I measured the drop by installing the apron and leadscrew, and engaging the halfnuts. Then measured the leadscrew drop with an indicator on the tailstock base. I confirmed the measurement with feeler gages under the gear box and leadscrew support. Then I installed the rack, and measured the vertical play with an indicator. I ended up going with .040" shims (there was a lot more wear on the underside of the saddle than on the bed). I also milled down the rear gib mounting points by the same amount.

I was going to ask about the wear under the saddle. I bet it was twice the wear on the ways, at the ends anyway.

Cracking good job anyway :cheers:
 
I didn't have anything ground, I scraped everything including the bed. I removed about .012" from the carriage ways and .003" from the tailstock ways.
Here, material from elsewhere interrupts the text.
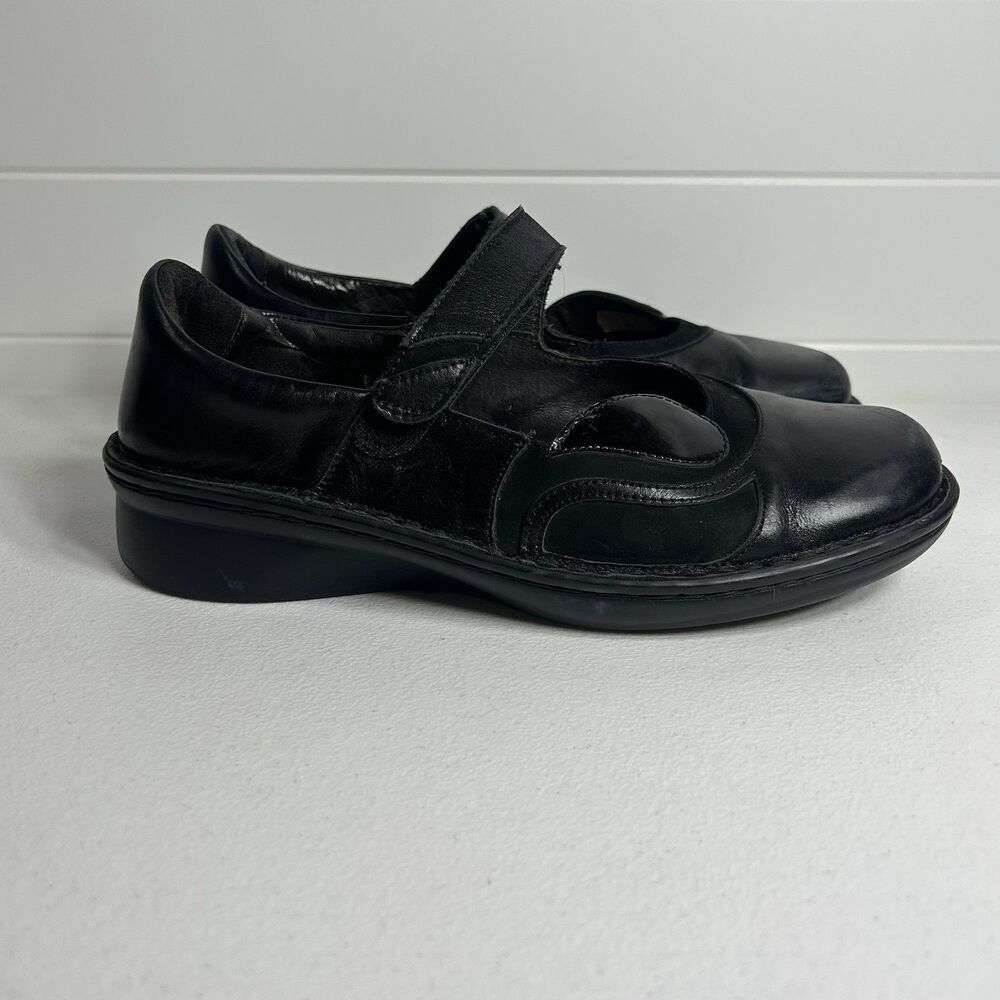 Naot Women's Matai Mary Jane Shoes Size EU 38 US 7-7.5 Black Comfort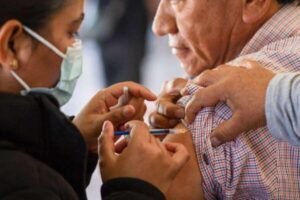 Sube a 32 la cifra de muertes por sarampión en México; el país supera los 11 mil casos confirmados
The carriage ways took a long time, it was tedious.

You removed 0.012" by hand? That's some effort! What did you use to keep the faces of the prisms parallel?
 
You removed 0.012" by hand? That's some effort! What did you use to keep the faces of the prisms parallel?

Effort, yeah that's for sure. It was slow going and tedious. Otherwise the project was fun and interesting, but the bed was monotonous.

For parallelism, I scraped the saddle first and used it as a master. I alternated cycles with a 48" camelback (for straightness). Twist is measured with a precision level riding on the carriage or on v-blocks. And I measured parallelism with the tailstock ways with an indicator mounted on the carriage (or vice versa).

The saddle has to be scraped in first to use it as a master. After milling, I scraped it using an 18" straightedge. I measured vertical alignment on the surface plate, and parallelism with a micrometer and some precision ground rods in the slides.
 

Attachments

  • IMG_1654.jpg
    IMG_1654.jpg
    96.6 KB · Views: 92
  • IMG_1667.jpg
    IMG_1667.jpg
    95.7 KB · Views: 88
  • IMG_1913.jpg
    IMG_1913.jpg
    90.6 KB · Views: 87
  • IMG_1934.jpg
    IMG_1934.jpg
    91.2 KB · Views: 86
Your spotting marks are amazingly dark and well-defined - what marking medium do you use?

Dykem High Spot Blue.

Lighting makes a big difference. Sometimes less light is better. I have a gooseneck work lamp on my bench, when spotting I like to flip it up towards the ceiling and turn off all the other lights.
 
I have been researching scraping a little bit lately. I was thinking of giving it a shot on a machine I'm working on. Any recommendations on hand scraping tools ? I've seen the Biax scraper ends, I didn't know if people are using those, and making their own longer attachment for holding it and pressing with their body.

And do you use yellow high lighter in conjunction with the blue ?
 
Very nice work.

What's your most important takeaway from this project?

Lessons learned?

One thing is that it’s really important to cut a relief on the inside corner of the dovetails. There were a couple times I was chasing my tail, the surface wasn’t coming in after many cycles, and it was caused by interference in the corner.

The only mistakes I really regretted were cuts I had made on the mill. Once, the part had distorted a few thou from clamping pressure, I had to scrape a lot to straighten it out. Another time, I had reduced clamping pressure, and the part shifted. Not a huge deal but both times I ended up removing more material than necessary.

This is kind of trivial, but painting the lathe before scraping was a mistake. Everything gets stained blue, and it’s hard to clean off of painted surfaces. I had to respray the chip pan.
 
I have been researching scraping a little bit lately. I was thinking of giving it a shot on a machine I'm working on. Any recommendations on hand scraping tools ? I've seen the Biax scraper ends, I didn't know if people are using those, and making their own longer attachment for holding it and pressing with their body.

And do you use yellow high lighter in conjunction with the blue ?

I’m using a Sandvik, I got it cheap from MSC (the first time those words have ever been written!) You’ll need a few blades and a way to sharpen them. Everyone here loves their Accu-finishes but I’m really happy with my Baldor carbide grinder. I set it up to run those cheap 1200 grit discs and it works great.

No, I haven’t tried the highlighter.